A key component of The White Stripes’ garage-rock sound has been the drumming style of Meg White, who usually takes a more reserved, simplistic approach to the drums than most of her contemporaries. Nonetheless, her laidback drums fused perfectly with the frenetic energy of Jack White’s guitar, and on Elephant, her beats were given a much-needed boost.
One of the hallmark qualities of Elephant are the head-bursting thuds of Meg White kick drum. This was achieved with Liam Watson miking Meg’s Ludwig Classic Maple kit with AKG dynamic and condenser microphones, as well as a Shure dynamic mic for the snare. On many songs, the drums are mixed onto one track – except for the bass drum. The bass drum, for many songs, has its own track, which was compressed and brought to the forefront of the mix, particularly on album cuts like the opening number and The Hardest Button To Button.
Jack White: The Virtuoso
At the core of The White Stripes’ sound is the blues-heavy and often-erratic guitar tones of Jack White. Looking to thicken the sound of the band, Elephant saw White experiment with guitar overdubs, allowing the songs to feature both a rhythm part and a wailing solo simultaneously.
Jack White’s setup was kept relatively straight-forward. Other than the previously mentioned Kay Hollowbody guitar, White’s main axe for the album was a 1964 ‘JB Hutto’ Res-O-Glass Airline guitar. The guitar was often plugged into a Fender Twin Reverb amp or a Silvertone combo miked with Shure and AKG dynamic mics, with each amp having usually having its own track.
Though Jack White achieved a myriad of different guitar tones throughout the album’s 50-minute run-time, he does so with just two guitar pedals. White’s tone was heavily reliant on the famous Electro-Harmonix Big Muff Pi, which he uses for most songs; from the touch of gain on Ball and Biscuit through to the rough, crunchy swagger of Black Math.
The other guitar pedal that’s vital to Elephant’s guitar tone is the Digitech Whammy WH-4. While it’s most well-known for creating the rumbling faux bass parts scattered throughout the LP, the pedal was also used to take the guitar to new, ear-piercing heights, best heard on Black Math and the guitar solo on There’s No Room For You Here.
Jack White has often professed his love for the pedal: “The Whammy enabled me to get an octave higher than everybody else, so I could break through for a few seconds and do a lick and then come back to the song. And now I just want solos to be an octave higher and piercing…”

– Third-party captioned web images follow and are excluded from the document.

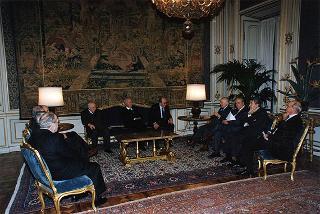 Cav. Gran Croce avv. Gerardo Agostini, presidente del Comitato nazionale per le celebrazioni del cinquantennale della Resistenza e della Costituzione, con il Consiglio di Presidenza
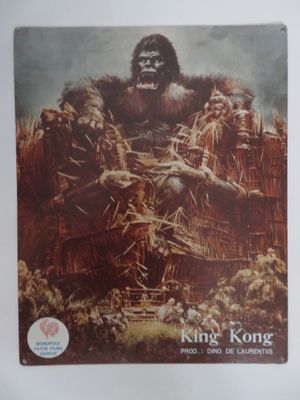 la couverture de « King Kong », avec un gorille géant en arrière-plan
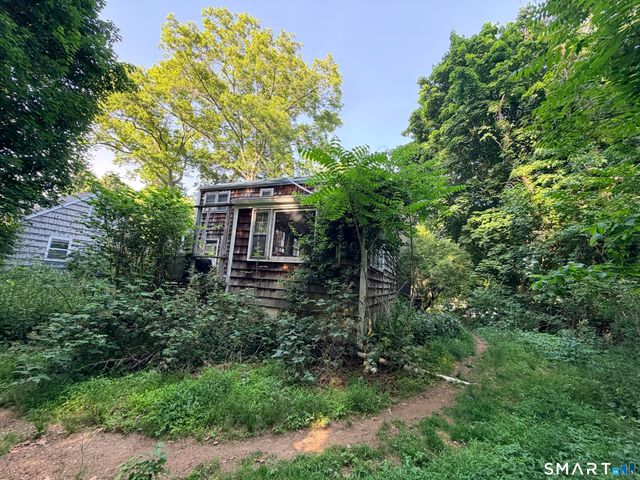 34 Deepwood Lane, Norwalk, CT 06854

From subtle finger-picked octaves to distorted slide solos, Elephant’s warm tone and creative limitations allowed Jack White to fully flesh out his virtuosic guitar capabilities. While the album is best known for its analogue soul and Seven Nation Army’s slinky riff, Elephant will forever be remembered as the album that cemented Jack White as one of the most visionary guitarists of the 21st century.